# Forum Home Renovation Roofing  How do I work safely on steep roof?

## ptrott

I need to do some work on the A/C unit on my roof, but it is a corrugated iron roof at about 45 degrees (older house) and I can't stand on it without slipping / sliding. 
I have tried bare feet, boots, thongs, sneakers, but nothing will grip it sufficiently well. 
What the hell do people do in this situation? Sky hook???

----------


## leeton

Dunlop Volley's and a harness...you wouldn't want to fall.

----------


## bugsy

pay someone to do it.
then sit back and watch them fall

----------


## looseless

DANGER DANGER DANGER WILL ROBINSON. :Eek:  :Eek:  :Shock:  :Shock:  :Confused:  
Do not try to work on a 45 degree pitch roof without some fall protection. A harness would be ideal. 
Make a roof ladder (timber or steel) with a cleat or brackets you can attach to the roof, or hang over the ridge. Take time to make it safe, as no job is worth serious injury or YOUR LIFE!!!!!!!!!!!!  :Shock:  :No:  :No:  :Cry:  :Cry:  
If you can you may be able to make some brackets that can screw to the roof which you can mount a plank on. I have done this when installing solar panels on a steep roof. Good Luck and be careful.  
If this is too hard, take the advice of the previous posts.  :Brava: brava

----------


## chipps

You don't say what type of work it needs, 
Anyways...........Agree with the safety concerns. Life's to short ptrott, play safe & get an aircon tradie to deal with it.

----------


## Gooner

Guy at work a while ago decided to do some work on his roof and slipped off. Single story roof, but fell badly and broke his neck.  
Was off work for the best part of the year and his head was in a steel brace screwed into his skull for months. Can still see the dints in his head where the brace once was screwed in.
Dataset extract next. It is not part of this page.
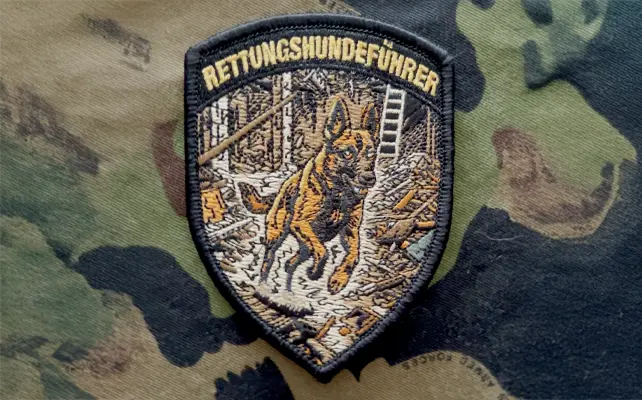 Zugbadge ricamato "RETTUNGSHUNDEFÜHRER" con cane da soccorso tra le macerie, motivo ricerca e salvataggio in stile svizzero.
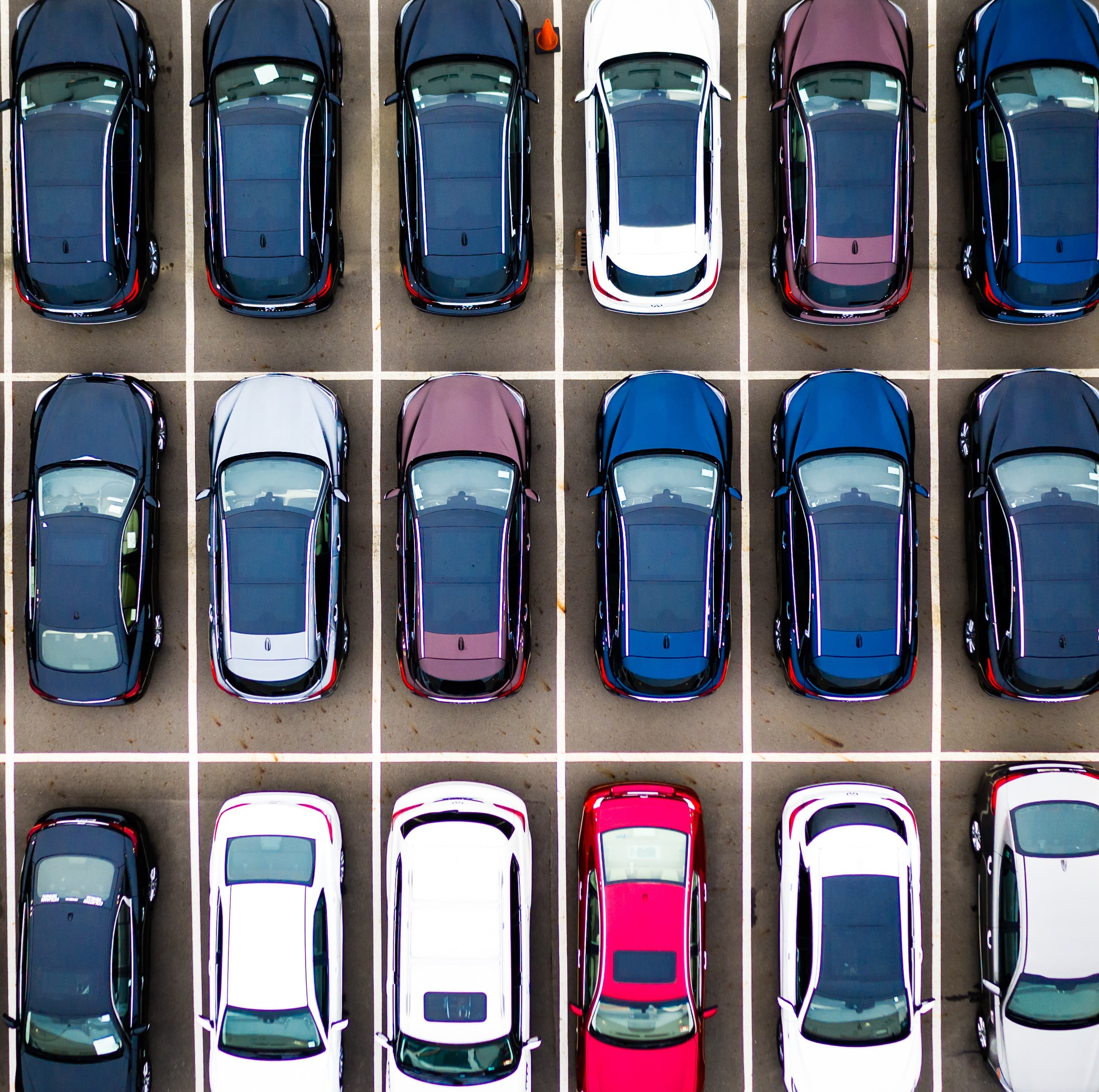 Fleet vehicle selection concept showing rows of parked cars in a lot, highlighting variety and organization for fleet planning decisions Fleet vehicle selection concept showing rows of parked cars in a lot, highlighting variety and organization for fleet planning decisions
Has recovered quite well, but goes to show that a simple fall can have devastating effects.

----------


## kombiman

I am a Nurse as my day job. 
You would not believe the amount of people I meet that have fallen off roofs.  
I specialise in psychiatry which gives you an idea the damage beyond immediate physical injuries that an event like this can do to your whole life, for the rest of your life. 
Risk manage this job as if your life depends on it (oh wait....) 
The roof ladder is a great idea so you can move freely.  A full harness and fall arrestor (like a self braked pulley your safety rope goes on, will only turn slowly to release the rope as a short sharp stop on the end of a rope can be just as fatal as hitting the ground when your neck snaps....) would be the minimum I would use.

----------


## ptrott

Thanks guys. 
I am going to try the harness and make a ladder that I can screw to the roof.

----------


## flynnsart

You can hire the harnesses at equipment hire places, around 35 a day. 
Donna

----------